Reading & Writing · worksheet

    SAT Words in Context Worksheet

    Words-in-Context is one of the most common Digital SAT question types. You read a short academic passage and choose the word that fits the blank based on meaning and tone. These questions reward vocabulary breadth plus careful reading. This worksheet page turns that skill into a focused review asset: what to know, what to practice, and what to check before moving on.

    What this worksheet covers

    Words in Context belongs to the Craft and Structure domain on the Digital SAT Reading & Writing section.

    Use this as a one-skill worksheet before timed modules. The goal is not just to get questions right, but to recognize the pattern quickly under SAT timing.

    • Official skill: Words in Context
    • Section: Reading & Writing
    • Domain: Craft and Structure
    • Best use: focused drill session before a timed module

    Rules to remember

    Before drilling this skill, memorize the core rules below and keep them next to your scratch work.
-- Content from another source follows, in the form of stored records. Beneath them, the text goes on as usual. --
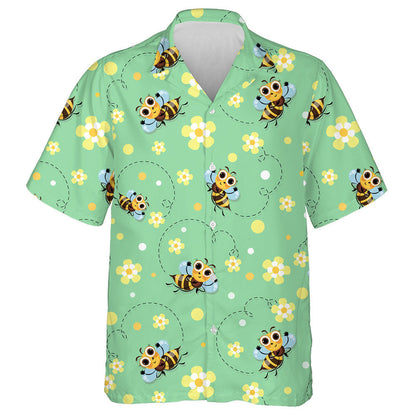 Watercolor Honey Bees Fly In A Flower Meadow Hawaiian Shirt, Hawaiian Shirt Gift, Christmas Gift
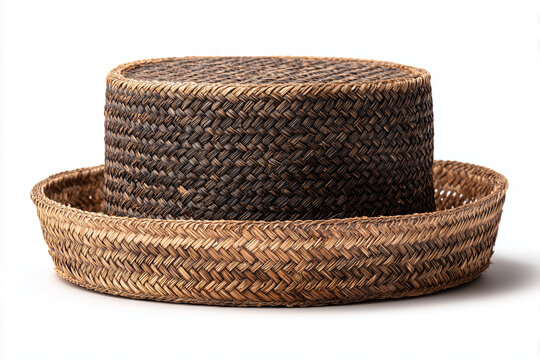 Songkok recca, a traditional Bugis hat, isolated on a white background.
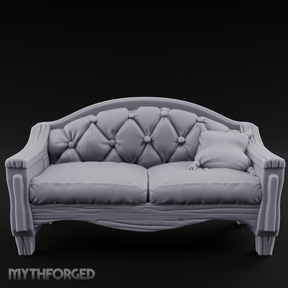 Tufted Noble's Loveseat Miniature for Dungeons and Dragons, Pathfinder or other TTRPGs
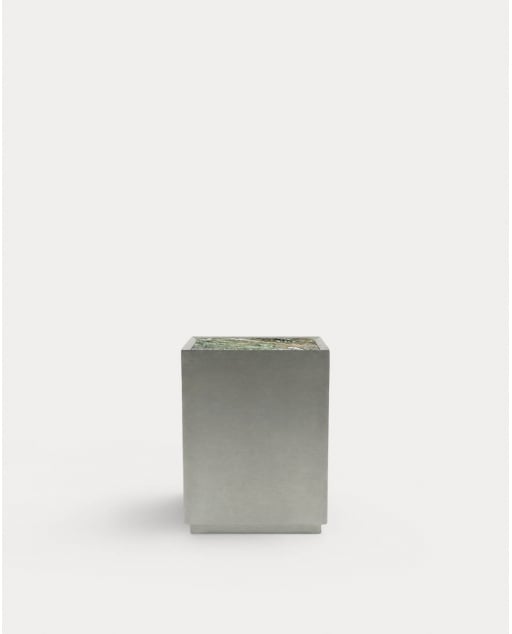 Tavolino Quadrato in Acciaio Inox e Marmo (35x35 cm) Imogen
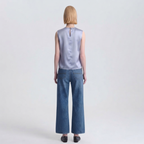 Baby Blue Pleated Satin Sleeveless Blouse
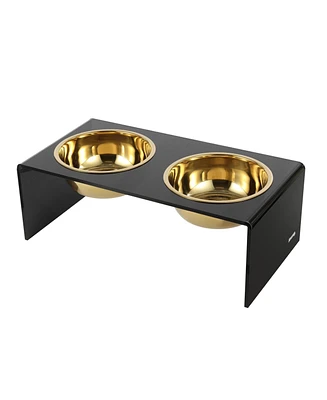 The Licker Store Keaton 7.5" Medium/Large Modern Lucite Rectangular Elevated Pet Feeder with 54oz 2-Stainless Steel Bowls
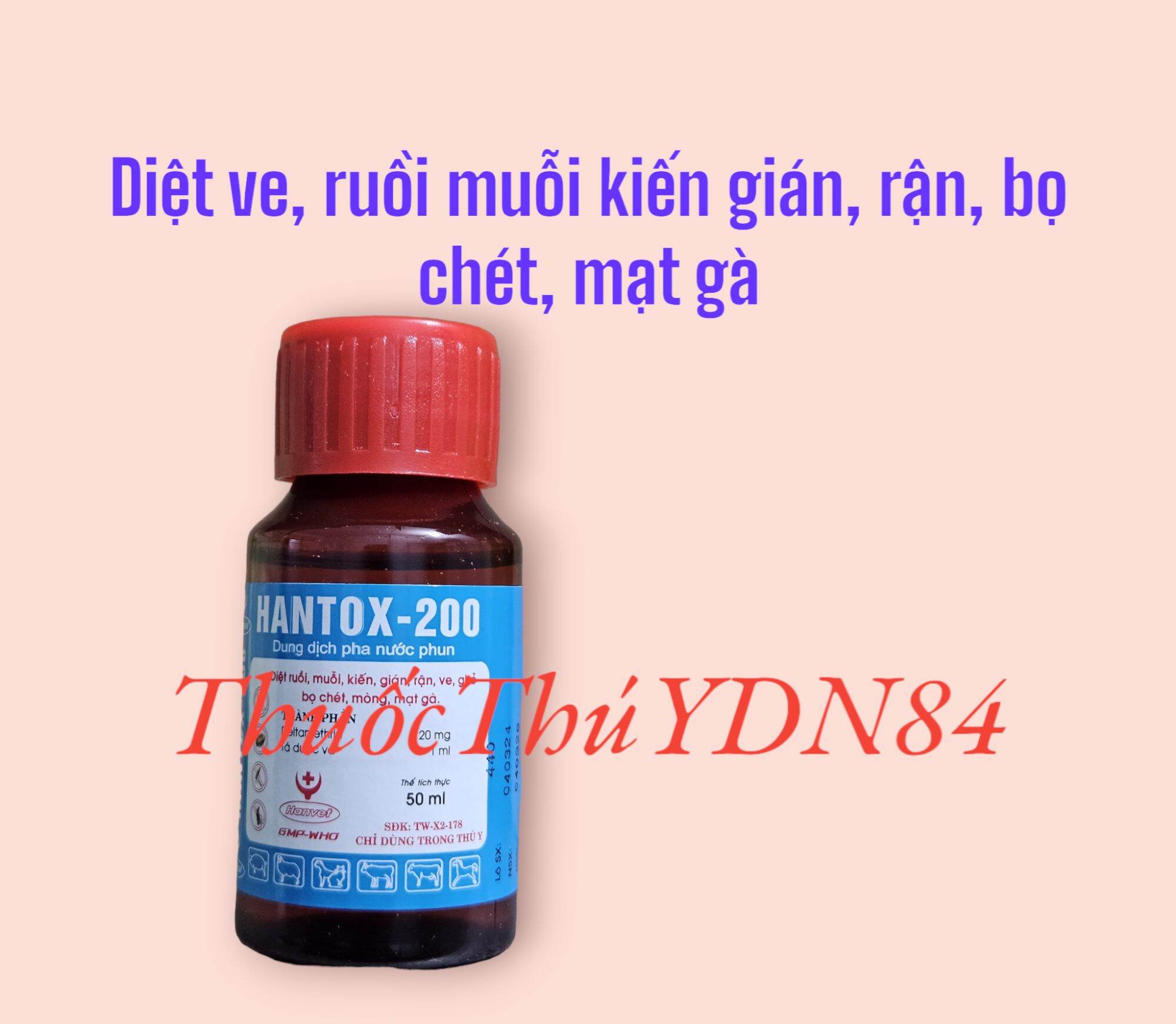 HANTOX 200 50ml diệt ruồi ruỗi muỗi ve bọ chét trâu bò chó mèo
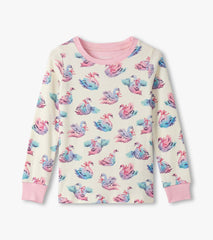 Hatley Girls Elegant Swans Cotton Pajama Set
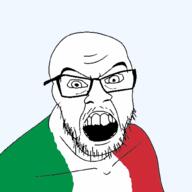 clothes country flag flag:italy glasses italy mustache open_mouth soyjak stubble variant:feraljak // 1000x1000 // 214.1KB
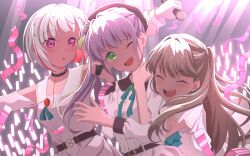 3girls :d :o ;d ^_^ absurdres aqua_ascot aqua_ribbon ascot audience bare_shoulders beret bob_cut brown_hat closed_eyes clothing_cutout collarbone colored_inner_hair commentary_request dream_believers dress flower frilled_ascot frills fujishima_megumi glowstick green_eyes hair_bun hair_flower hair_ornament hat highres holding holding_microphone hug hug_from_behind inverted_bob link!_like!_love_live! long_sleeves looking_at_another love_live! microphone morio_(mmorio_mu) multicolored_hair multiple_girls neck_ribbon official_alternate_costume one_eye_closed open_mouth otomune_kozue penlight_(glowstick) pink_dress pinstripe_ascot pinstripe_ribbon purple_hair red_flower red_hair ribbon short_hair short_sleeves shoulder_cutout side_ponytail sidelocks single_side_bun smile star_(symbol) star_hair_ornament streaked_hair streamers tassel tassel_hair_ornament teeth upper_teeth_only virtual_graduation_commemoration virtual_youtuber white_hair yugiri_tsuzuri
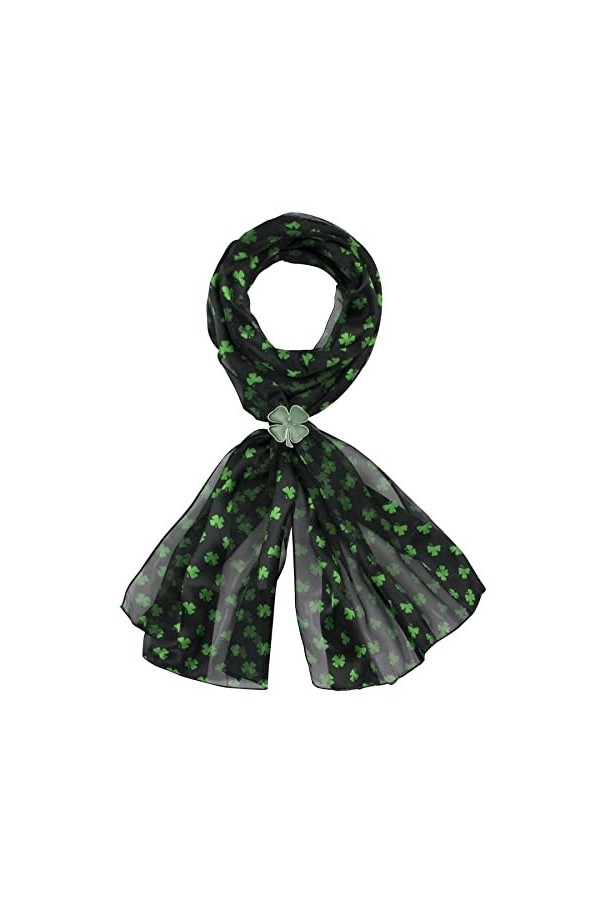 Écharpe trèfle celtique irlandais brillant et argent rhodié pour homme et femme - 148 x 35 cm - - taille unique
    • Predict a word in your own language before looking at the choices.
    • Eliminate choices that are close but carry the wrong connotation.
    • Build your vocabulary from our free SAT vocabulary list.

    Practice routine

    Start untimed until you can explain the pattern. Then switch to timed sets so the skill holds up inside a full module.

    • Do 10 warmup questions and write down every mistake type.
    • Do 20 timed questions from the same skill.
    • Review missed questions without looking at the explanation first.
    • Repeat the misses 48 hours later to confirm the fix stuck.

    Practice on 1600.now

    FAQs

    How do I practice SAT words in context?

    Drill words in context as its own skill first, then mix it into timed modules. Isolated practice builds the pattern; timed modules prove you can use it under pressure.

    Is words in context important on the Digital SAT?

    Yes. It is part of the official Craft and Structure domain for the SAT Reading & Writing section, so it can appear on real test forms.

    Should I review explanations after every question?

    Review every missed or guessed question. Correct guesses still hide weak reasoning, and weak reasoning becomes expensive on hard Module 2.